For young choirboys, this gave us the chance to look at a sword that was mounted on the south wall and to read the plaque that told us that this was the sword of Sir Harry Chauvel, “Commander of the Desert Mounted Corps in Palestine and Syria”.  You can imagine what images that stirred up in us young lads.


The Vicar has given me the honour of talking about Sir Harry, the sword and the battle of Beersheba - and has given me ten minutes.  So, I have a tough task in front of me, but hopefully, I can do all three topics justice at a respectable canter rather than a gallop.


On the back of the service booklet is a short biography of Sir Harry sourced mainly from the Australian War Memorial.  There are references to other web sites that you might care to look at when you get home.  A glance at the biography shows here is a man for whom ten minutes is not enough to cover his life in detail.


What strikes me is that Sir Harry’s life stands up to current-day scrutiny.  There is hardly any scope for negative revisionism on this man.  In fact, on the contrary, my reaction is “Wow!” with 60 years of outstanding military service, there is more to him than just the commander at Beersheba and his famous words of “Put Grant straight at them.” 


As with any commander in the field, not every day was a success and some actions failed; but his ability to limit losses and regroup his forces was remarkable.


I believe I am amongst friends, so I can say that his military record is the equal of General Sir John Monash.  Perhaps over refreshments later, I suspect some might even go further than that; in particular noting that he was appointed a Corps commander and made a Lt-General in 1917 prior to Monash’s appointment in 1918.


Of notable interest is that Sir Harry’s Desert Mounted Corps was a multinational force.  Numbering at times around thirty thousand.  We know of the Australians and New Zealanders, but also there were British, French, Indians, Egyptians, Arabs and other nationalities under his command.  It is a very powerful vision of one of the greatest mounted military forces working its way through a richly historical area and defeating an Empire that had existed since 1453.

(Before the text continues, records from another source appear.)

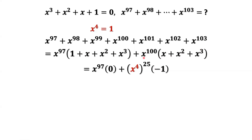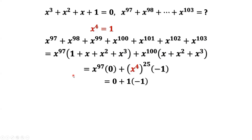We can rewrite x to the power of 100 as x to the power of 4, then to the power of 25, since 4 times 25 equals 100. Why are we doing this? Because x to the power of 4 equals 1. We can replace x to the power of 4 by 1. The first part is x to the power of 97 times 0, which is 0. X to the power of 4 is 1, then to the power of 25 is also 1, times negative 1. The final answer is negative 1.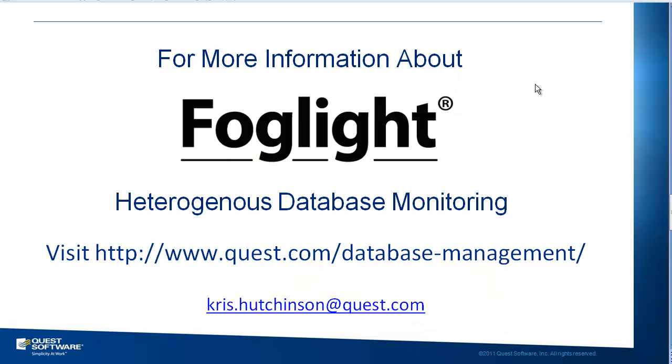Thank you for your time in this video today, looking at Foglight for Oracle, a day in the life of a DBA.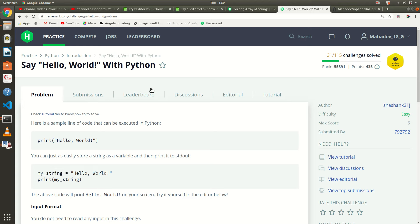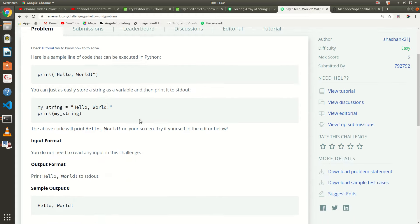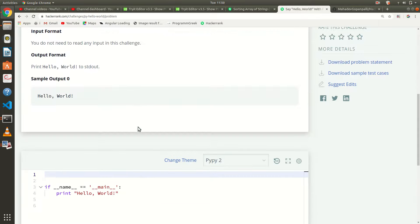So here we are with the new series of Python. This is the first question in the Python series HikernX — hello world. This is a basic question.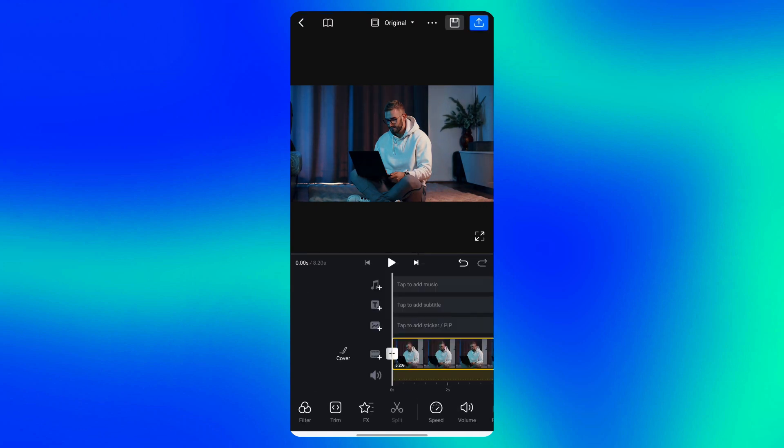If you found this helpful, be sure to check out my other videos like 10 insane CapCut hacks you didn't know about or how to fix blurry videos in CapCut for more tips and tricks. Thanks!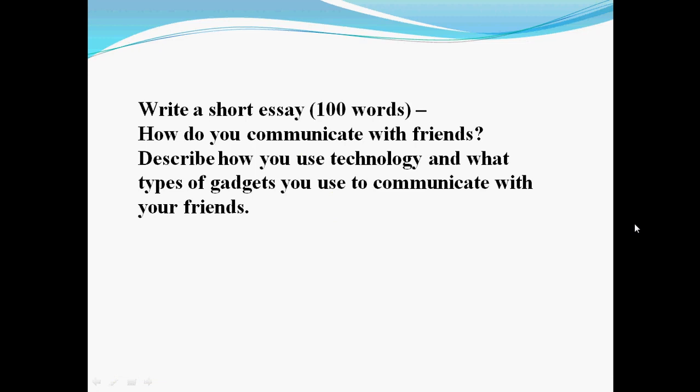In the last task, write a short essay: How do you communicate with friends? Describe how you use technology and what types of gadgets you use to communicate with your friends. Thank you for your attention. Goodbye.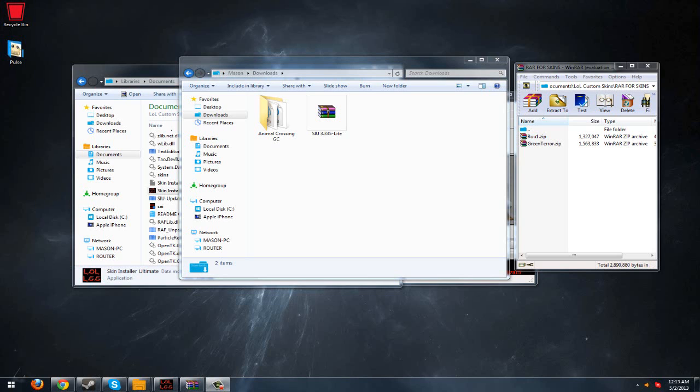Hello guys, what's up, Hal here, and today I'm going to be showing you how to install custom League of Legends skins. It's pretty easy. What you're going to want to do is in the description, I'll have a download link.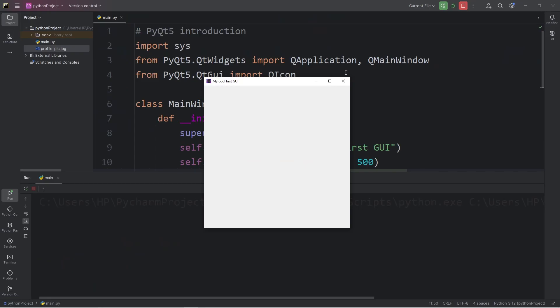Alright everybody, that is how to create a window using PyQt5. And in the next topic, we will be creating some labels.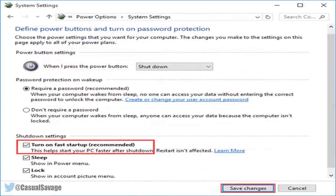Now the final thing you need to do is scroll down. Under Shutdown Settings you will find the 'Turn on fast startup (recommended)' option. Check this to turn it on. Once it's done, simply hit the Save Changes button and you're all set.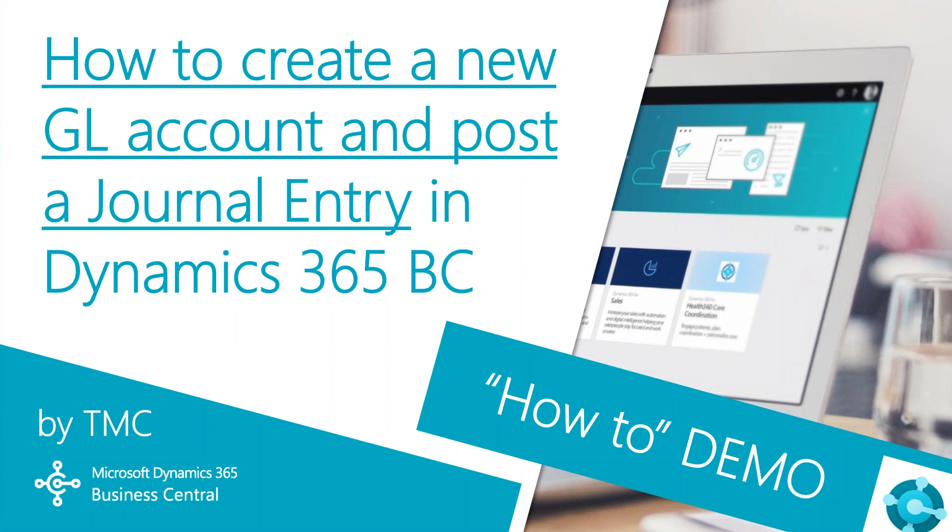Hello and welcome to TMC's how-to demo series for Dynamics 365 Business Central, where we explore the features of Business Central for basic tasks within your organization.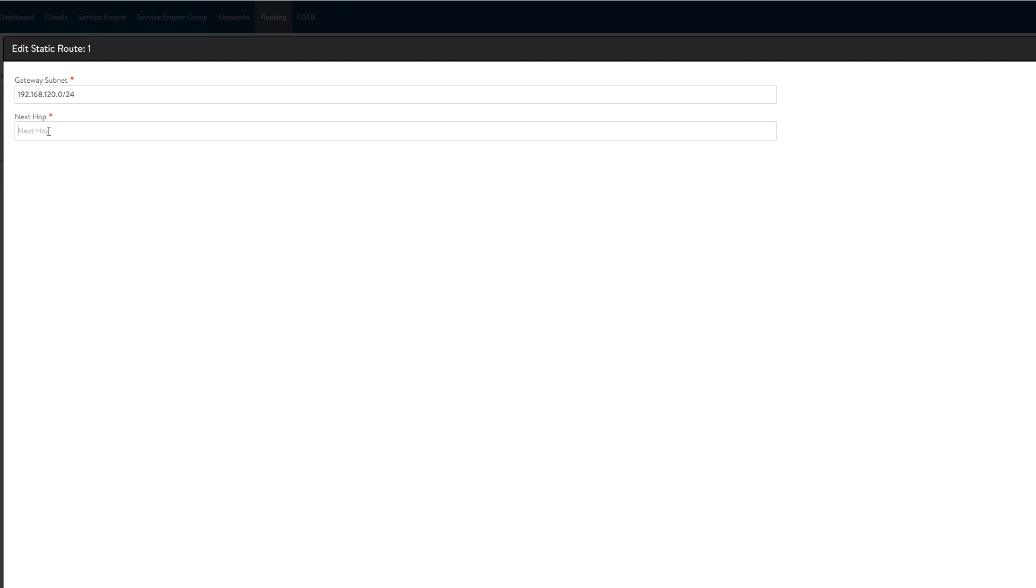In this example, the workload network is 192.168.120.0 and the service engine will use the VIP network gateway.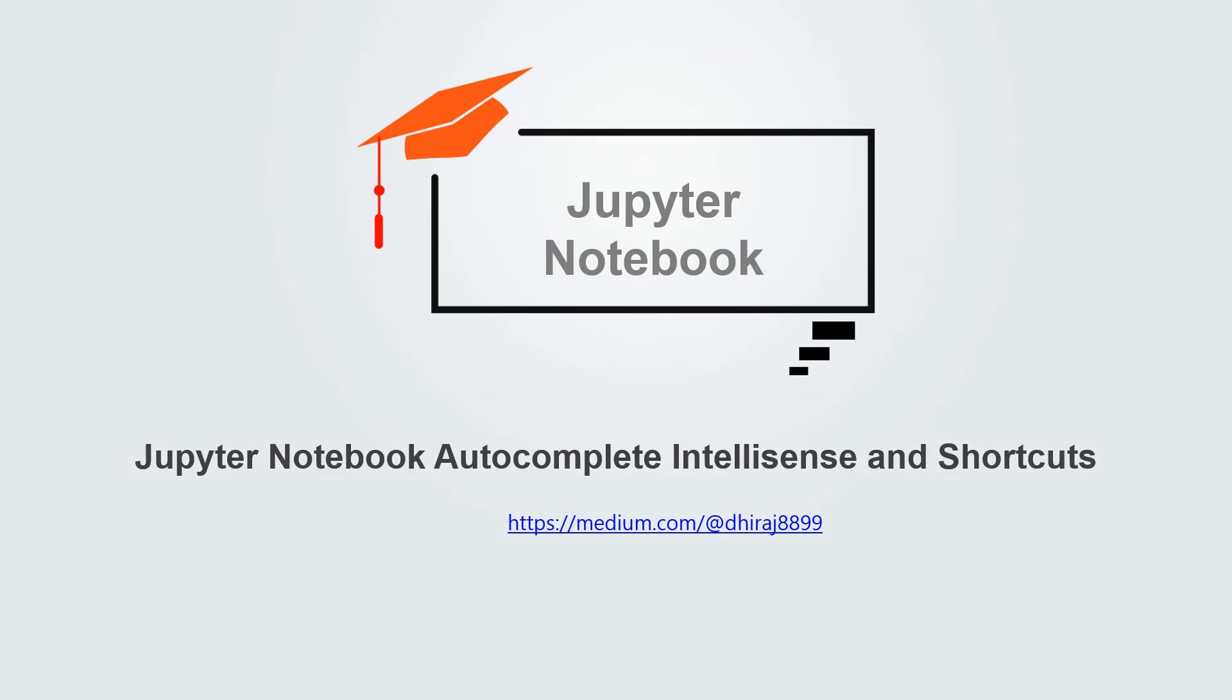In this video, I am going to discuss Jupyter Notebook's Autocomplete and IntelliSense feature along with menu shortcuts.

After the war, he brought his family to Melbourne to take on his new senior administrative position in the Australian Army.  They initially rented a flat just across Toorak Road prior to moving to Murphy Street a couple of years later. 


In March 1921, Sir Harry became a Warden of this Church (thus being effectively a trustee of its property).  He held that position until his death in 1945. 

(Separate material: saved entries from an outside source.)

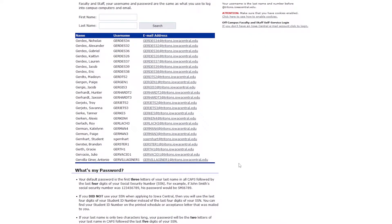If you're unable to find your username, try searching with just the first few letters of your last name. The default password is the first three letters of your last name in all capital letters, followed by the last four digits of your social security number. If you did not use your social security number when applying to Iowa Central, you'll use the last four digits of your student ID instead.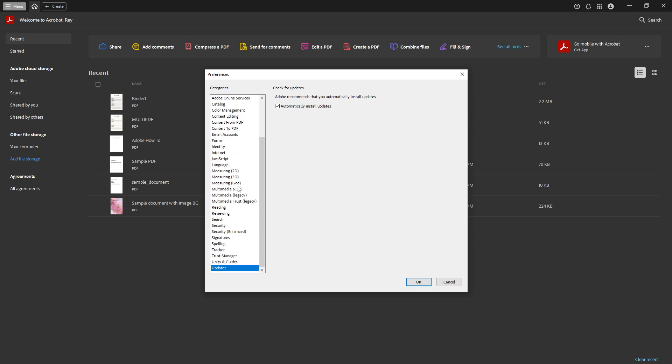Now that you're in the preferences window, you'll want to locate the category labelled Updater. Navigating to the Updater category is key to managing how and when your software updates occur. The Updater section allows you to set your preferences for software updates, giving you the autonomy to decide how often these updates should happen.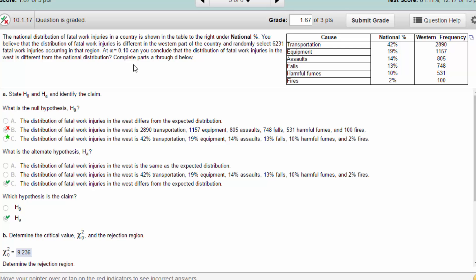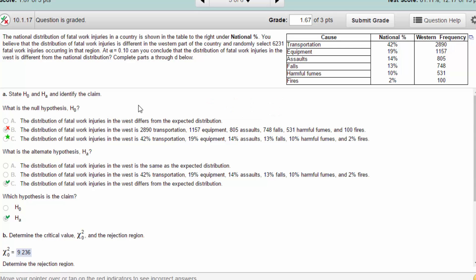First, we have to identify the null and the claim. The null is that the distribution in the west is the same as the national percentages — those are the percentages, not the counts, which you might get tripped up on. The alternative is that the distribution of fatal work injuries in the west differs from the expected distribution. The claim is the alternative, since the question asks if we can conclude it's different.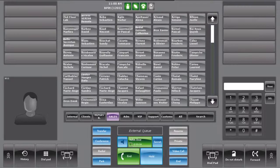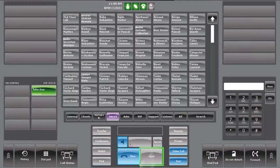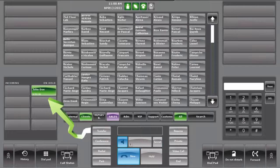To put a call on hold, press on the on hold button in the control panel. The call will automatically jump to the call status applet.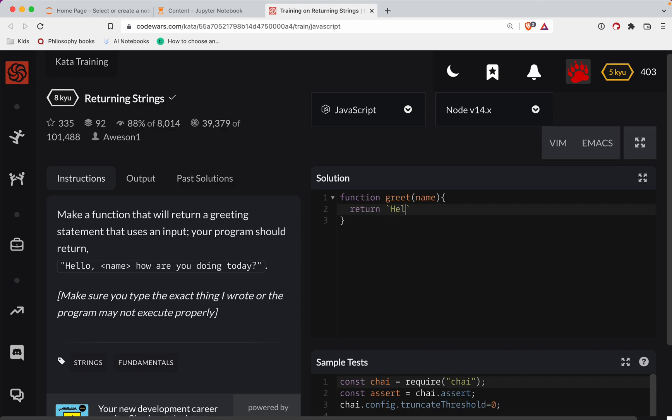So we're going to say hello. Now, what's cool about the backticks is in JavaScript, we can insert variables into our string. How are you doing today?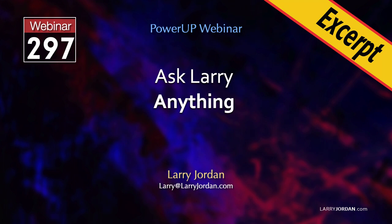This is an excerpt of a recent Power-Up webinar called Ask Larry Anything. Hi, my name is Larry Jordan, and here is one of the questions.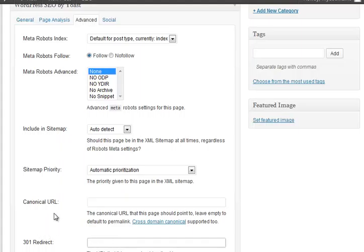301 redirect, what that means is if you had an old page that was still linked to by people, but is now out of date, and it's now been replaced by a new page, I don't know, if it's last year's packages that you're offering, and now you want to redirect to this year's packages, and you've changed the page name, then you'd use that 301 redirect box.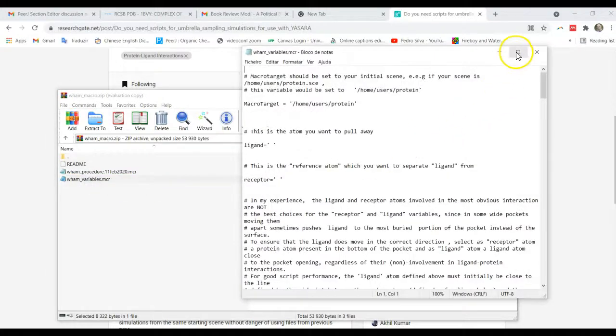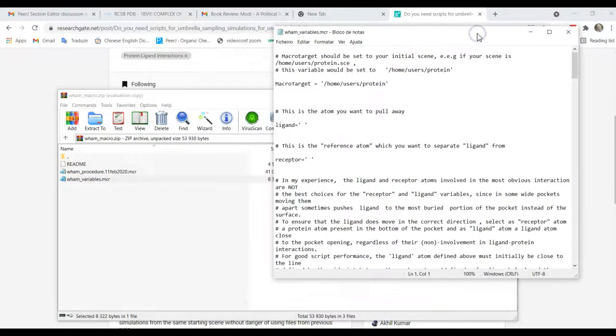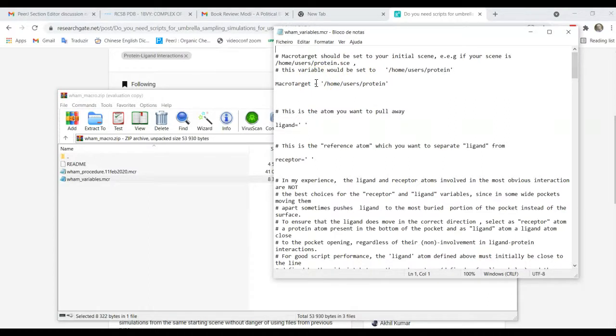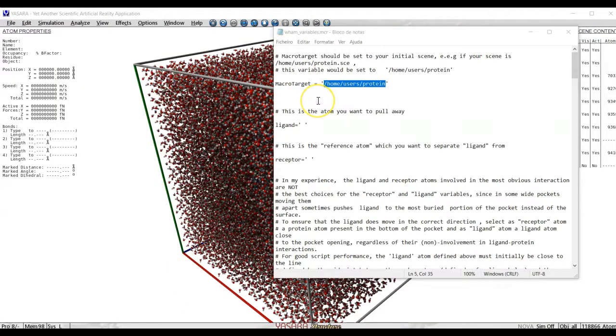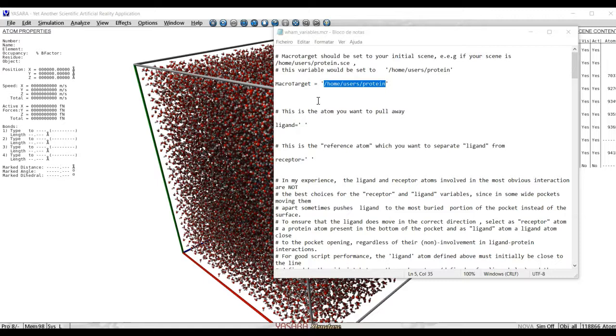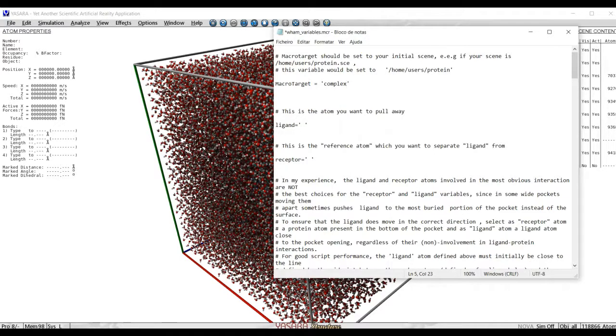There are a few things here that you must change. You start here with macro target. As usual in Yasara macros, you have to select here the address of your scene already including water. For example, if the scene is already in your working directory and if it is called, let's say, complex.sce, we just write it here as complex.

So, perhaps this evening, a reflection on a specific feature of Sir Harry should be on his strong faith.


Shortly after Sir Harry’s death, Crayton Burns in an article published in The Age wrote the following sentence about him: “He began the day in prayer, said grace before his meat and never willingly missed Divine Service.”


There is no doubt that as his troops moved into what they referred to as the Holy Land his Bible was never too far away.  Familiarity with Old Testament texts such as the one read in this evening’s lesson would have been strong.


In a letter dated 17 November 1917 he wrote:


“[The Padre] is nearly crazy with excitement.  For Communion Service yesterday he produced some very black bread, & some very nice but rather syrupy wine which he declared were identical with the bread & wine used at the Last Supper.”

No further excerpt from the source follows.